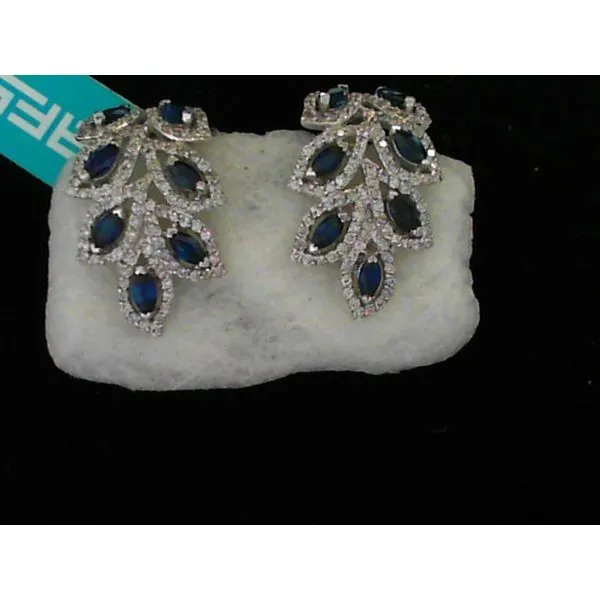 Colored Stone Earrings Golden Sails Jewelers, Inc. Saint Petersburg, FL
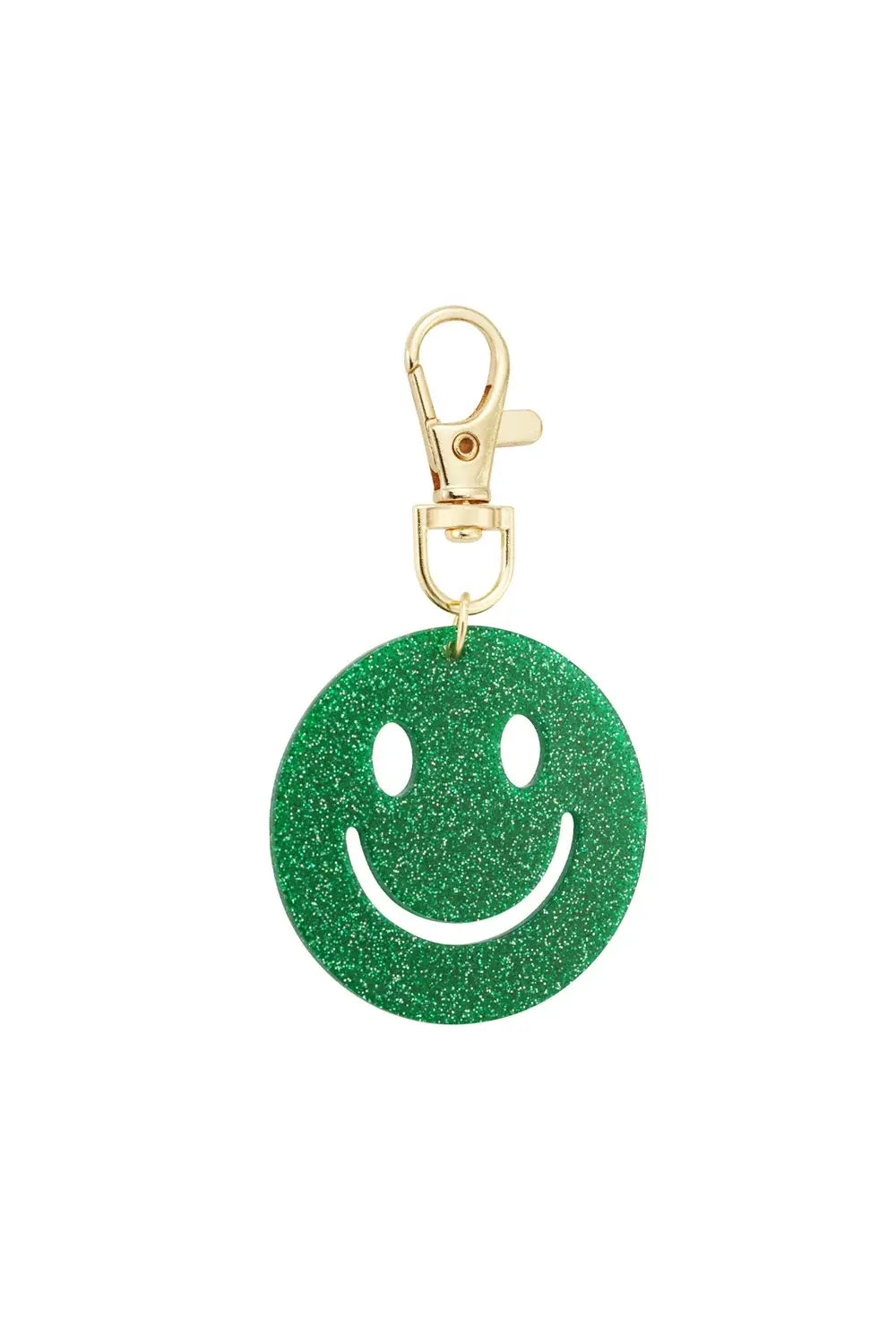 Yehwang: sleutelhanger smiley - groen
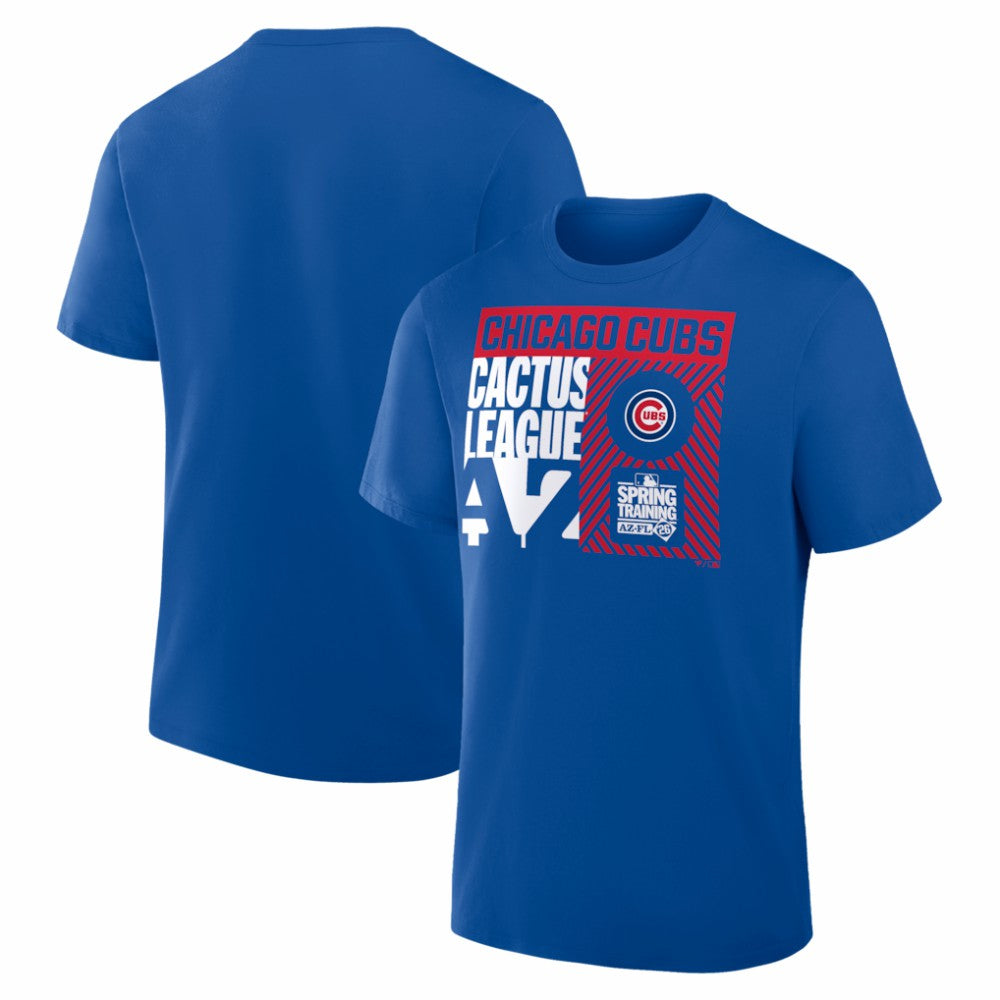 Royal Chicago Cubs 2026 Spring Training True Icon T-Shirt
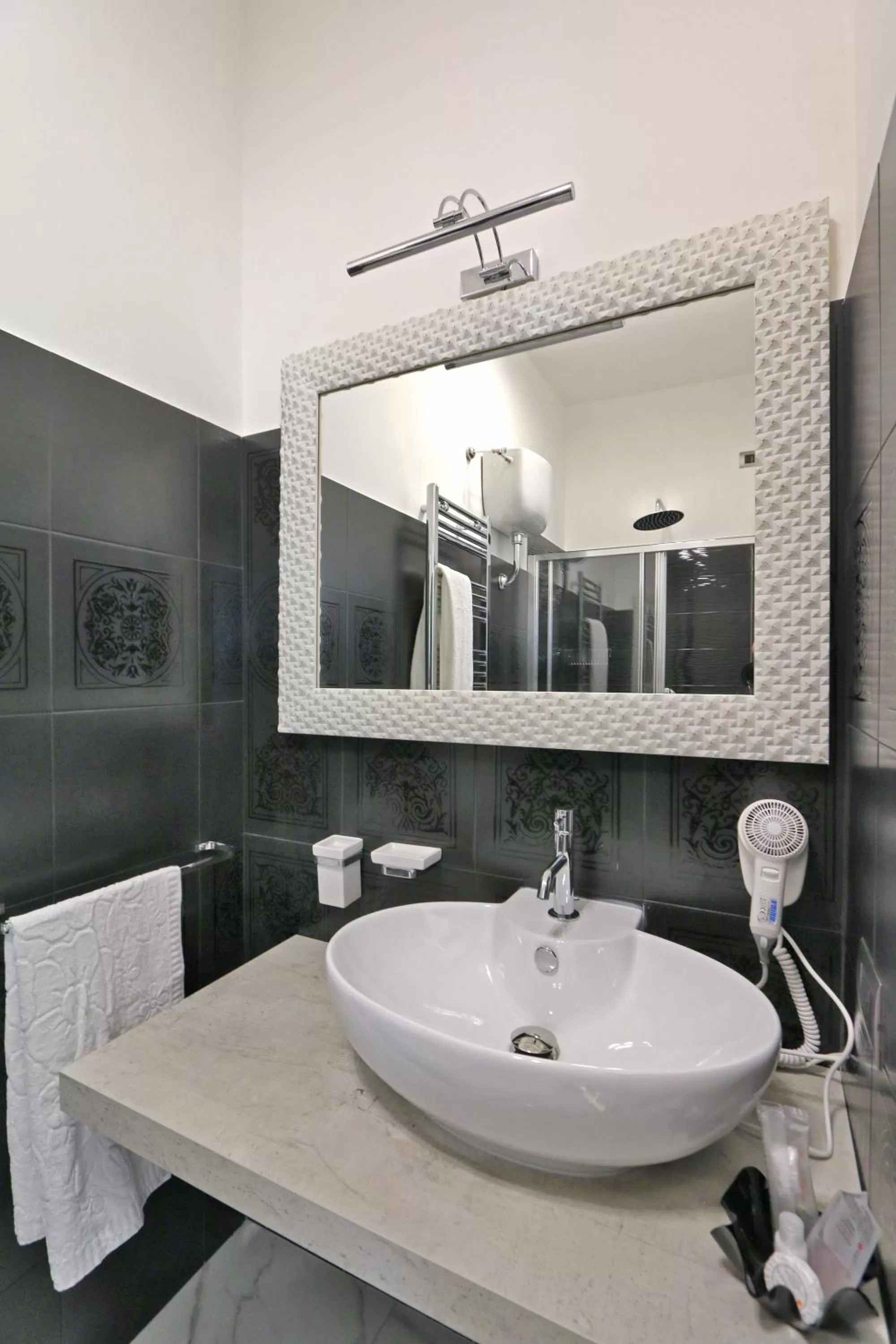 Bathroom in SOLIDEA BNB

----------------------------------------

:: Exercise ::
Set down exactly, line for line, the data from the line that contains "Royal Chicago Cubs" through its last line, keeping pictures out.

:: Answer to the problem ::
 Royal Chicago Cubs 2026 Spring Training True Icon T-Shirt
 Bathroom in SOLIDEA BNB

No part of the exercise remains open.